Tajlandia: protestujący wdarli się na krótko na teren siedziby rządu
Niewielka grupa antyrządowych manifestantów wdarła się na krótko na teren siedziby rządu Tajlandii, domagając się opuszczenia budynku przez policję. Nie doszło do starć z siłami bezpieczeństwa. Później protestujący odcięli prąd w siedzibie rządu.
12.12.2013 | aktual.: 12.12.2013 10:23
Demonstranci najpierw usunęli drut kolczasty przed murem okalającym posesję, po czym przeskoczyli ogrodzenie i weszli na teren siedziby rządu i premier Yingluck Shinawatry. Reuters donosi, że zastali tam oddziały prewencji policji, ale do żadnych starć nie doszło. Manifestanci wycofali się po kilku minutach.
Po jakimś czasie Associated Press poinformowała, że protestujący odcięli prąd w siedzibie rządu.
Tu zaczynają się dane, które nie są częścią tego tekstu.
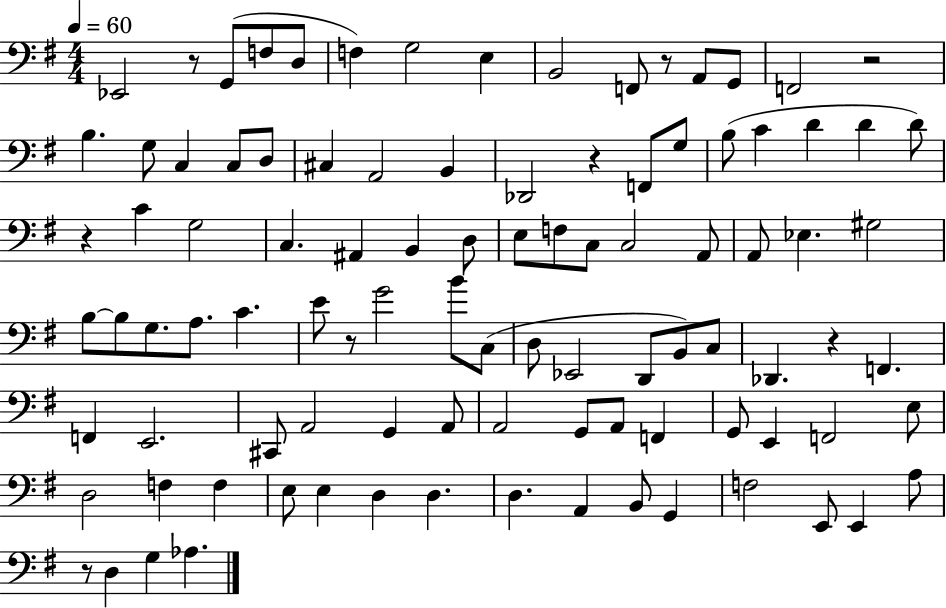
X:1
T:Untitled
M:4/4
L:1/4
K:G
_E,,2 z/2 G,,/2 F,/2 D,/2 F, G,2 E, B,,2 F,,/2 z/2 A,,/2 G,,/2 F,,2 z2 B, G,/2 C, C,/2 D,/2 ^C, A,,2 B,, _D,,2 z F,,/2 G,/2 B,/2 C D D D/2 z C G,2 C, ^A,, B,, D,/2 E,/2 F,/2 C,/2 C,2 A,,/2 A,,/2 _E, ^G,2 B,/2 B,/2 G,/2 A,/2 C E/2 z/2 G2 B/2 C,/2 D,/2 _E,,2 D,,/2 B,,/2 C,/2 _D,, z F,, F,, E,,2 ^C,,/2 A,,2 G,, A,,/2 A,,2 G,,/2 A,,/2 F,, G,,/2 E,, F,,2 E,/2 D,2 F, F, E,/2 E, D, D, D, A,, B,,/2 G,, F,2 E,,/2 E,, A,/2 z/2 D, G, _A, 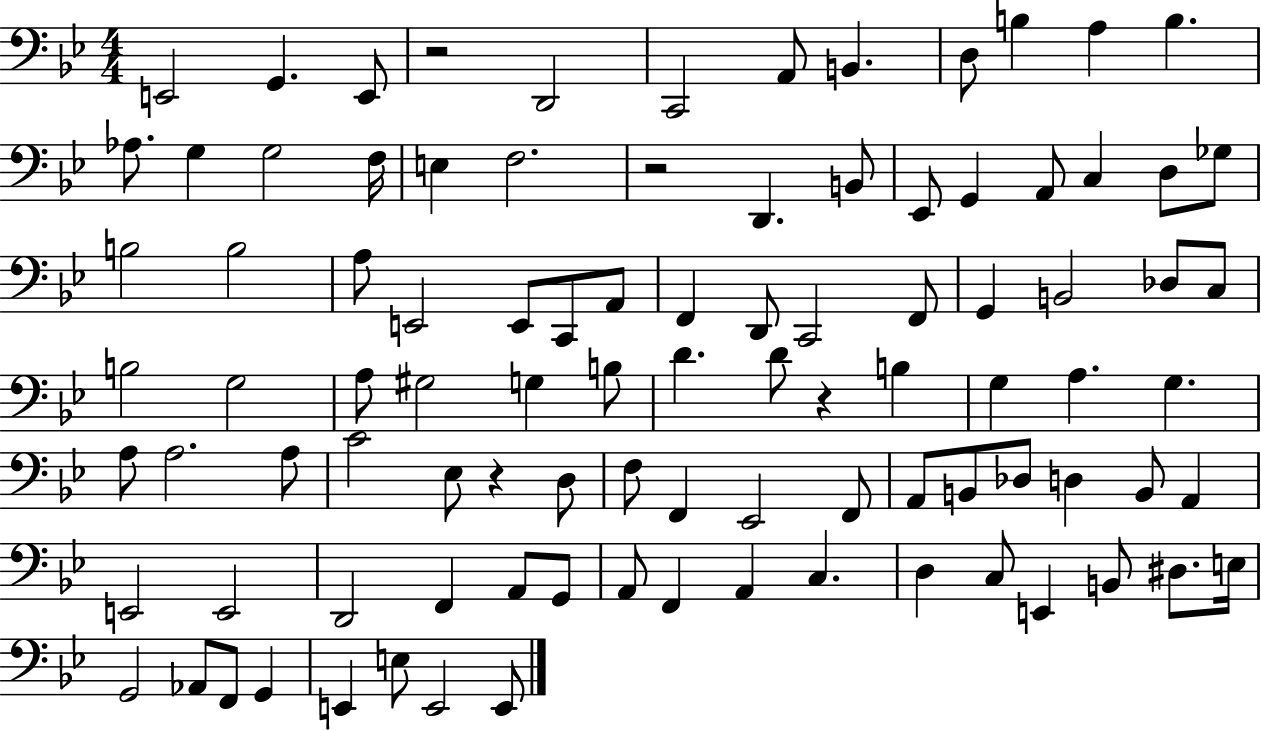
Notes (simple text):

E2/h G2/q. E2/e R/h D2/h C2/h A2/e B2/q. D3/e B3/q A3/q B3/q. Ab3/e. G3/q G3/h F3/s E3/q F3/h. R/h D2/q. B2/e Eb2/e G2/q A2/e C3/q D3/e Gb3/e B3/h B3/h A3/e E2/h E2/e C2/e A2/e F2/q D2/e C2/h F2/e G2/q B2/h Db3/e C3/e B3/h G3/h A3/e G#3/h G3/q B3/e D4/q. D4/e R/q B3/q G3/q A3/q. G3/q. A3/e A3/h. A3/e C4/h Eb3/e R/q D3/e F3/e F2/q Eb2/h F2/e A2/e B2/e Db3/e D3/q B2/e A2/q E2/h E2/h D2/h F2/q A2/e G2/e A2/e F2/q A2/q C3/q. D3/q C3/e E2/q B2/e D#3/e. E3/s G2/h Ab2/e F2/e G2/q E2/q E3/e E2/h E2/e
Podczas zajścia pani premier nie było w kancelarii, ale wkrótce potem wydała w telewizji oświadczenie, że 15 grudnia odbędzie się spotkanie ze wszystkimi grupami społeczeństwa w celu znalezienia rozwiązania kryzysu politycznego w kraju. Agencja AP zwraca uwagę, że nie wiadomo, gdzie Yingluck znajdowała się, gdy wygłaszała oświadczenie.
Tymczasem przywódca antyrządowych protestów, były wicepremier Suthep Thaugsuban zwrócił się do dowódców wojskowych i policji, aby spotkali się z nim i opowiedzieli się po którejś ze stron trwającego już od ponad miesiąca kryzysu.
Mająca duże wpływy w Tajlandii armia oświadczyła, nie chce mieszać się w konflikt, ale może mediować. Od 1932 roku, kiedy nastąpił wojskowo-cywilny zamach, który doprowadził do ustanowienia monarchii konstytucyjnej, kraj ten doświadczył 18 przewrotów lub prób ich dokonania.
W poniedziałek około 160 tysięcy ludzi zgromadziło się przed siedzibą rządu i premier Yingluck, domagając się dymisji i przekazania władzy bliżej nieokreślonej "radzie ludowej".
Tego samego dnia szefowa rządu ogłosiła rozwiązanie parlamentu i wyznaczyła przedterminowe wybory na 2 lutego. Opozycja zapowiedziała jednak kontynuowanie demonstracji, których celem jest dymisja rządu.
Protesty rozpoczęły się w Bangkoku, gdy rząd poparł projekt ustawy amnestyjnej, która mogłaby umożliwić powrót do Tajlandii brata obecnej premier, byłego szefa rządu Thaksina Shinawatry, skazanego w 2008 roku na więzienie za korupcję.
Yingluck Shinawatra jest dość powszechnie postrzegana jako reprezentantka interesów swego przebywającego poza krajem brata, który za jej pośrednictwem wywiera wpływ na politykę rządu.